Acclaimed writer and thinker Douglas Rushkoff, author of Ecstasy Club and Coercion, has written perhaps the most important—and controversial—book on Judaism in a generation. As the religion stands on the brink of becoming irrelevant to the very people who look to it for answers, Nothing Sacred takes aim at its problems and offers startling and clearheaded solutions based on Judaism’s core values and teachings.
Disaffected by their synagogues’ emphasis on self-preservation and obsession with intermarriage, most Jews looking for an intelligent inquiry into the nature of spirituality have turned elsewhere, or nowhere. Meanwhile, faced with the chaos of modern life, returnees run back to Judaism with a blind and desperate faith and are quickly absorbed by outreach organizations that—in return for money—offer compelling evidence that God exists, that the Jews are, indeed, the Lord’s “chosen people,” and that those who adhere to this righteous path will never have to ask themselves another difficult question again.

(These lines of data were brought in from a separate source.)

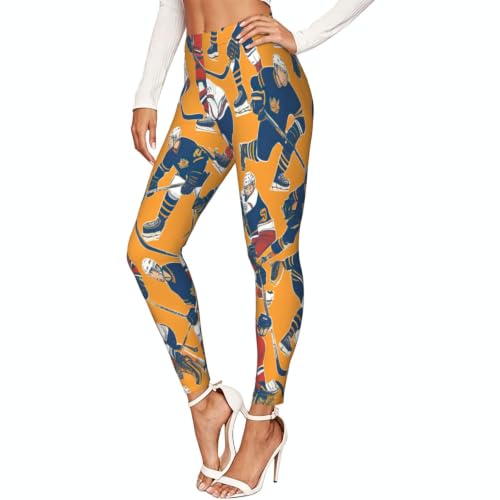 Leggings de hockey para mujer mallas elásticas deportivas opacas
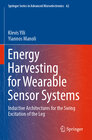 Buchcover Energy Harvesting for Wearable Sensor Systems
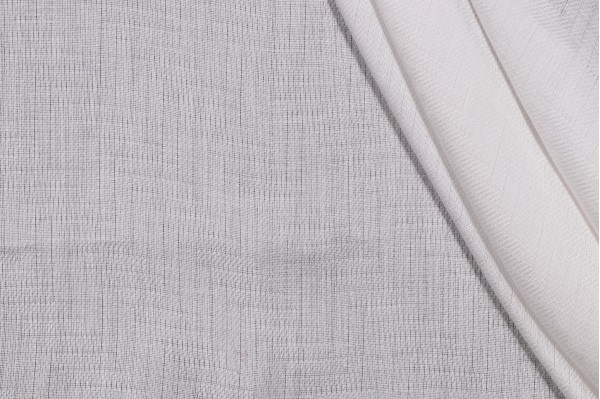 Thibaut Zephyr W80368 Semi-Sheer Drapery Weight Solution Dyed Acrylic Outdoor Fabric in White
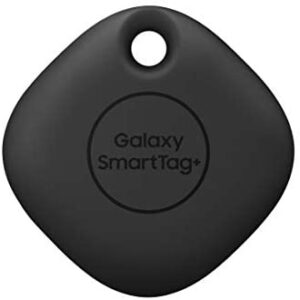 Samsung Galaxy SmartTag+ Plus, 1 Pack, Bluetooth Smart Home Accessory, Attachment to Locate Lost Items, Pair with Phones Android 11 or Higher, Black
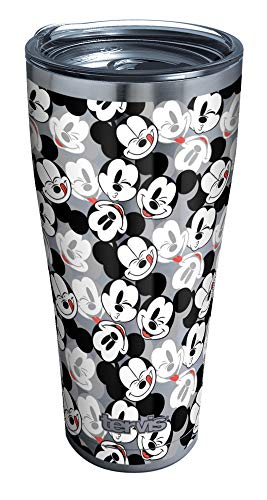 Tervis Triple Walled Disney® - Mickey Expressions Insulated Tumbler Cup Keeps Drinks Cold & Hot, 30oz, Stainless Steel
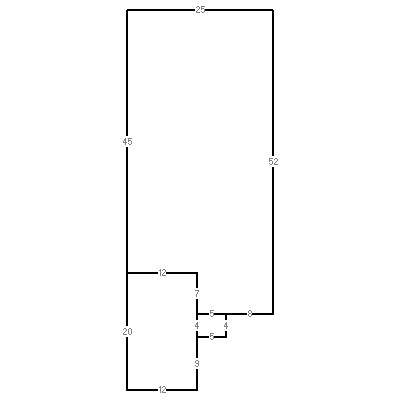 Building layout (traversing data) of this property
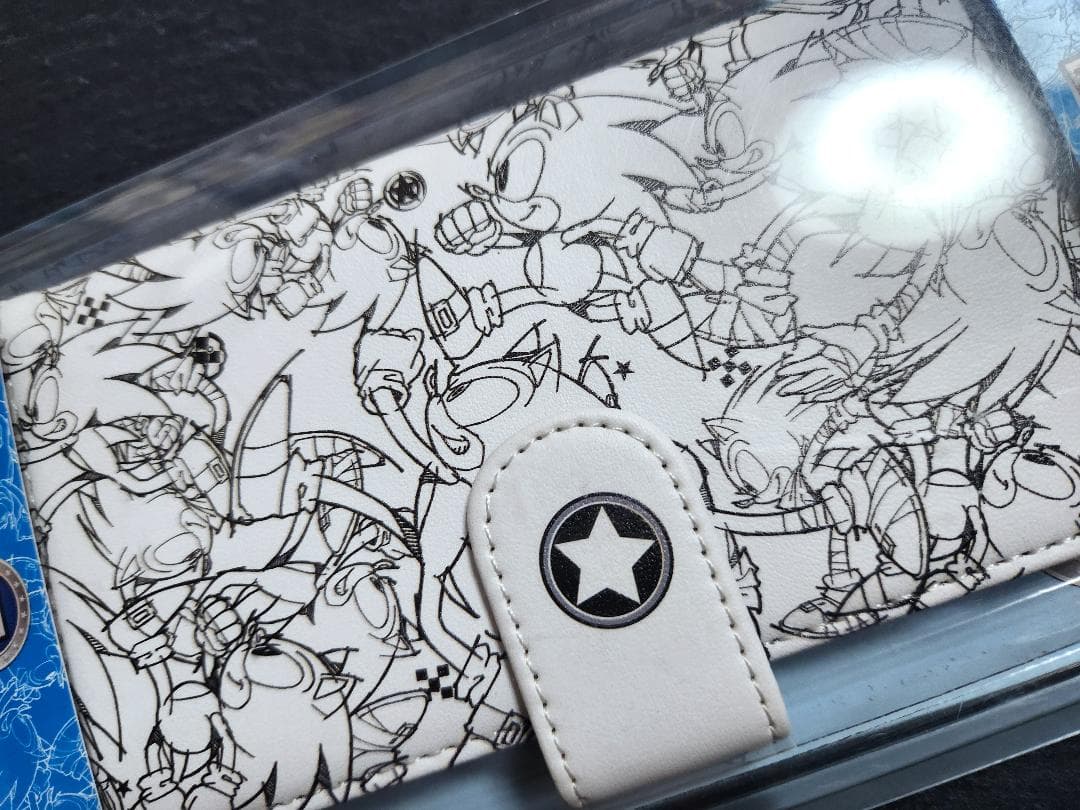 ソニック25周年 手帳型スマホケースM HCV-2581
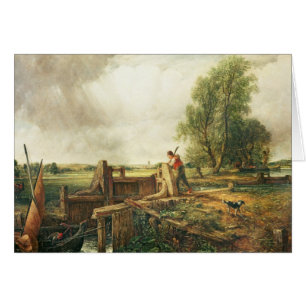 John Constable   Un barco que pasa una cerradura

Ironically, the texts and practices making up Judaism were designed to avoid just such a scenario. Jewish tradition stresses transparency, open-ended inquiry, assimilation of the foreign, and a commitment to conscious living. Judaism invites inquiry and change. It is an “open source” tradition—one born out of revolution, committed to evolution, and willing to undergo renaissance at a moment’s notice. But, unfortunately, some of the very institutions created to protect the religion and its people are now suffocating them.
If the Jewish tradition is actually one of participation in the greater culture, a willingness to wrestle with sacred beliefs, and a refusal to submit blindly to icons that just don’t make sense to us, then the “lapsed” Jews may truly be our most promising members. Why won’t they engage with the synagogue, and how can they be made to feel more welcome?
Nothing Sacred is a bold and brilliant book, attempting to do nothing less than tear down our often false preconceptions about Judaism and build in their place a religion made relevant for the future.